Doctors Orders
Adequate sleep is not a luxury. It is crucial for your health.
Adequate sleep is not a luxury. It is crucial for your health.
The Doctor Said "Go To Sleep"
Sleep is good for you. Your mom tried to convince you when you were growing up, and now that you’re grown up that luxury sleep may elude us. So what happens when age-old culprits like insomnia or sleep apnea—or newer ones like a jam-packed schedule—and overstimulation cause you to toss and turn? That’s right, they may affect your health—particularly your heart and your waistline.
Research is pretty clear on this point: sleep is crucial for good health. It helps memory and mood, keeps you trim, strengthens your immune system, fights inflammation, and keeps your heart and blood vessels in tip-top shape. We can all tell when that co-worker or boss had been skimping on sleep.
"When you're sleeping you're regulating hormone levels, you're regulating insulin levels, your blood pressure is being kept under control, there are a lot of things going on, and if you're not getting enough sleep you're throwing these things out of whack," says Shelby Freedman Harris, PsyD, director of behavioral sleep medicine at Montefiore Medical Centers Sleep-Wake Disorders Center in New York City.
While you're snoozing, the body repairs damaged tissue, produces crucial hormones, and strengthens memoriesa process called consolidation, which helps you perform a new skill better after sleeping than you would if you spent an equivalent amount of time awake. (Take that, all-nighters!)
Is lack of sleep making you fat?
Sleep deprivation reduces sensitivity to insulin, the key blood-sugar-regulating hormone, while making it harder metabolize blood sugar properly. Lack of sleep also boosts levels of hormones that make us hungry, while reducing secretion of the hormones that help us feel full.

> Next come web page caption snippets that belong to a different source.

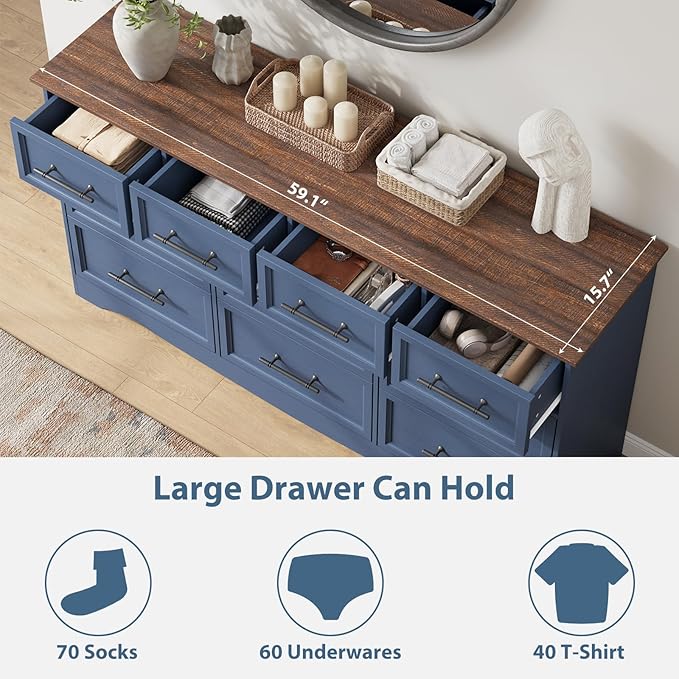 Blue Farmhouse Dresser for Bedroom, 10 Chest of Drawers, 59" Wide Chest of Drawers with Brushed Metal Handle, Wood Closet Organizers and Storage Cabinet for Bedroom, Living Room, Hallway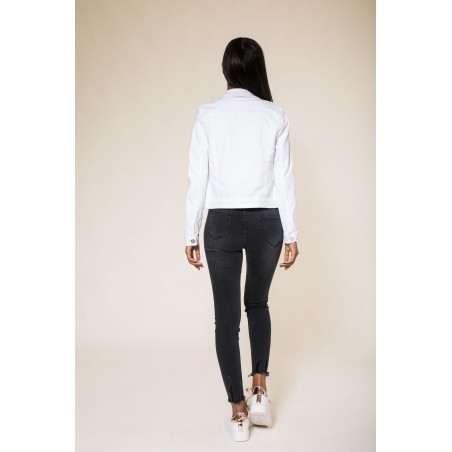 Veste jean cintrée courte blanche Nina Carter - Matière noble 36,90 €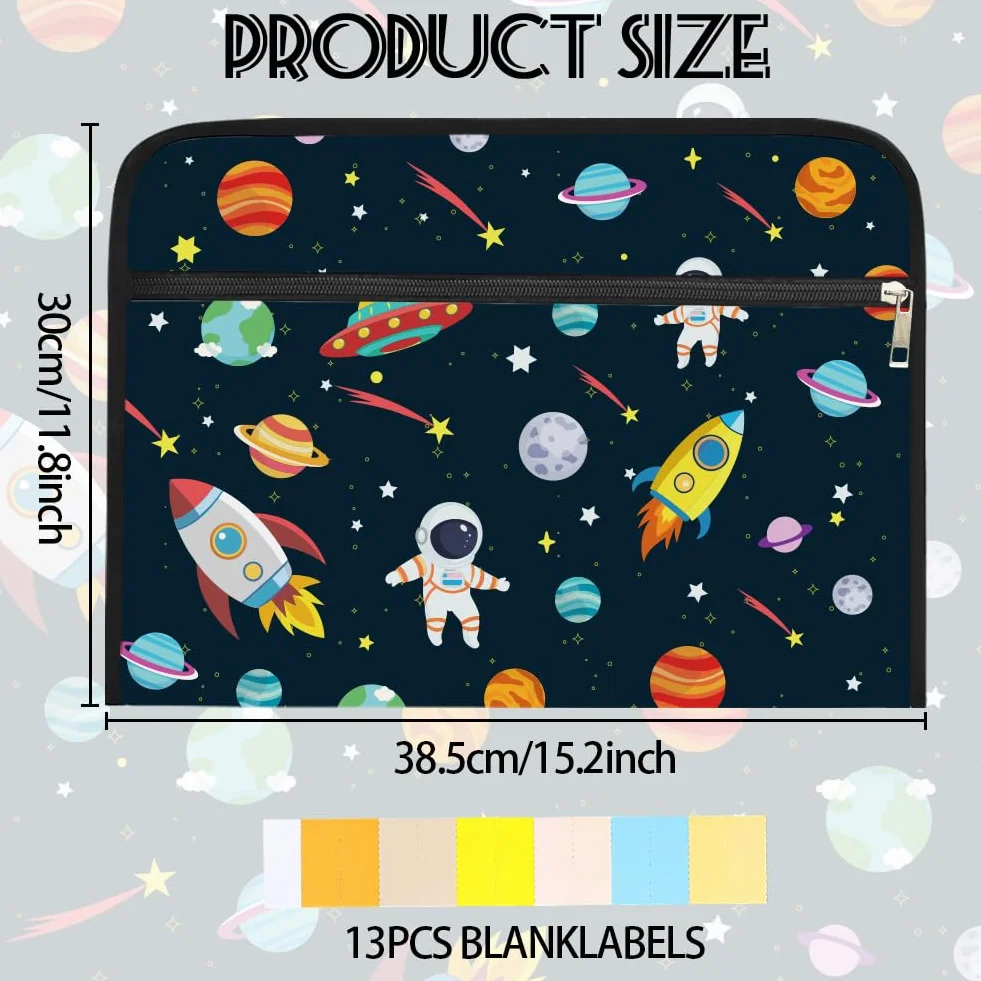 WEBEEDY Classeur à Soufflet Star Rocket Planets Astronaut 13 Pochettes A4 Organiseur Documents Portable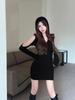 Backless Hooded Long-Sleeve Dress - Autumn Style with Waist Tie and Hip-Hugging Design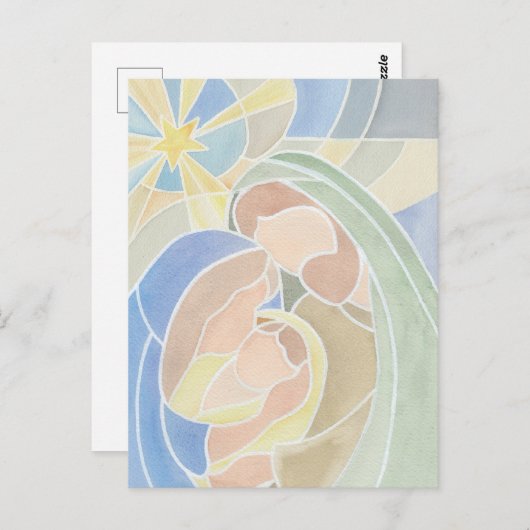 Waterverf kerstmis Briefkaart (Voorkant / Achterkant)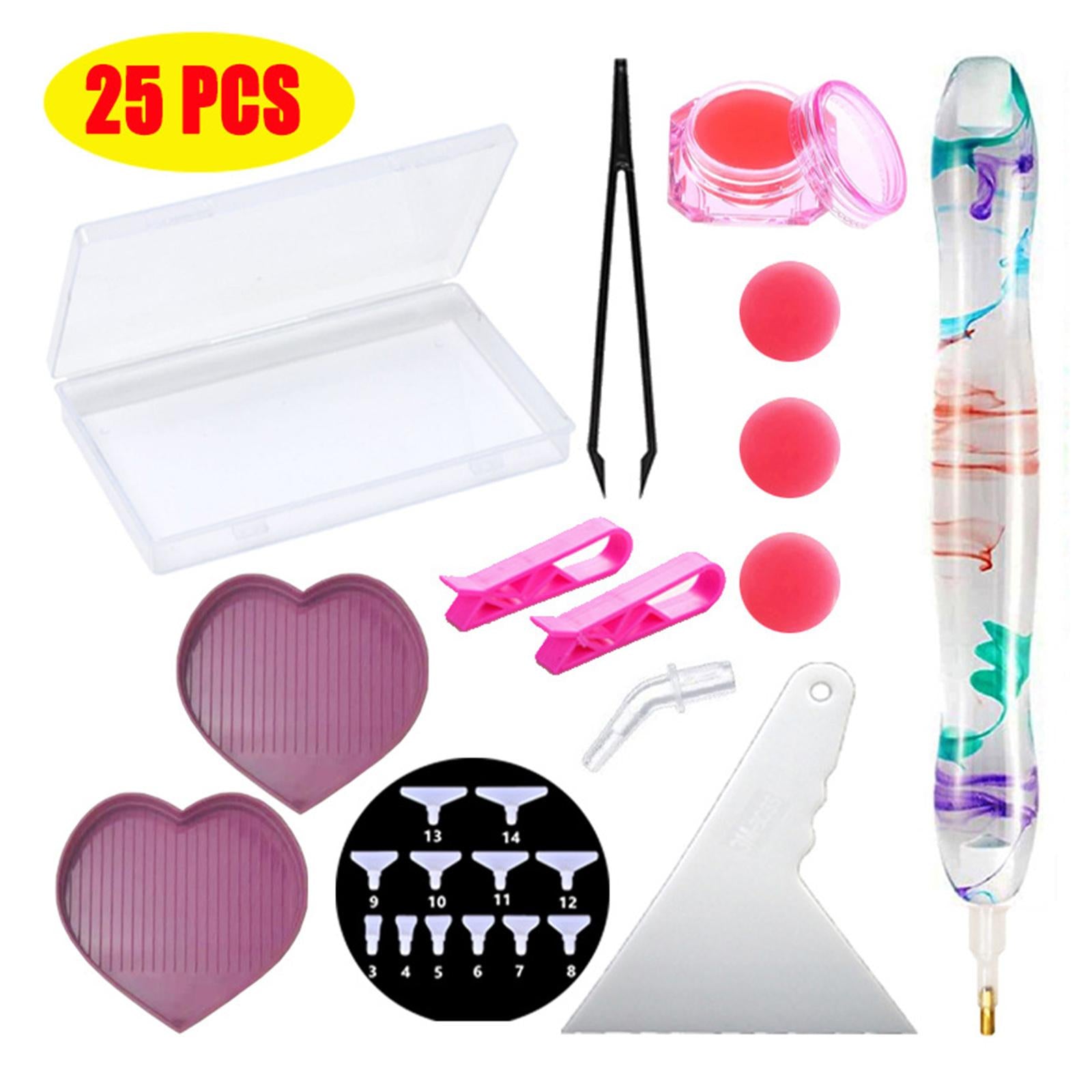 25x Diamond Painting Pen Kit DIY Nail Art Embroidery Accessories Clear Set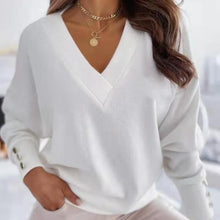 Load image into Gallery viewer, Closup of Front View White Womens Lighweight V-neck Sweater
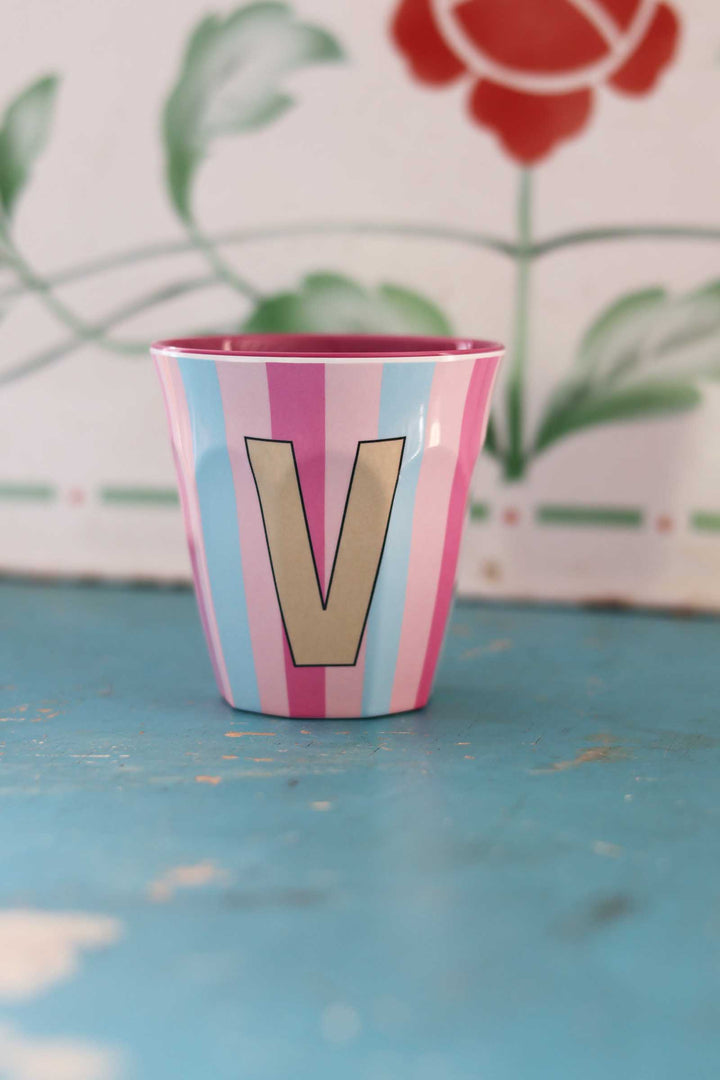 Striped Melamine Cup / Letter V
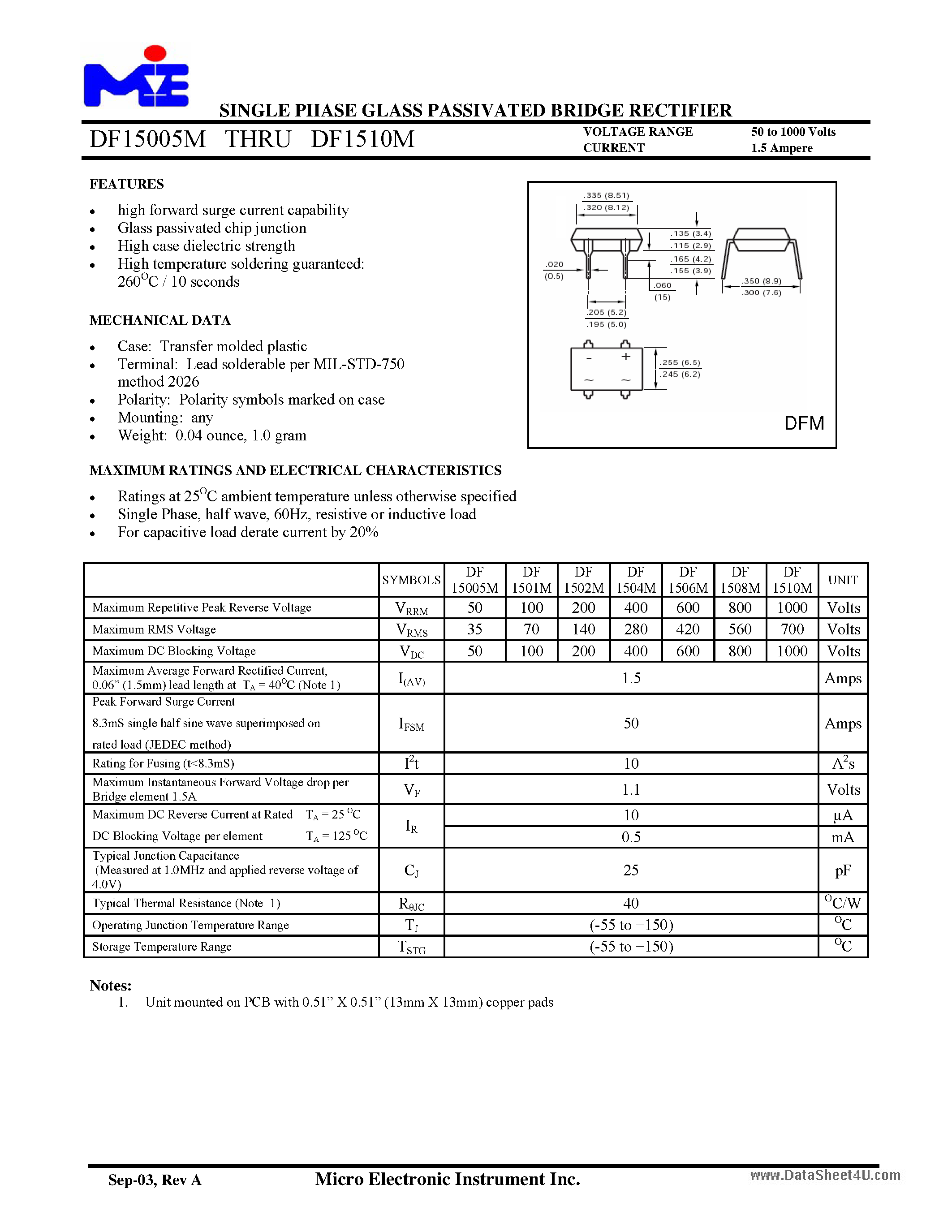 Datasheet DF1501M page 1 Datasheet DF1501M - (DF15005M - DF1510M) SINGLE PHASE GLASS PASSIVATED BRIDGE RECTIFIER page 1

When people are sleep deprived and eat a cookie, their blood sugar goes higher and they're more resistant to the effect of insulin than if they ate the same cookie after a good nights sleep, says Dr. Czeisler. "If youre on a diet to lose weight and you're sleeping five to six hours a night, 75% of the weight you lose will be lean body mass."
That means just 25% of the weight you're losing is fat, he added; when people sleep enough, fat accounts for 50% of weight lost.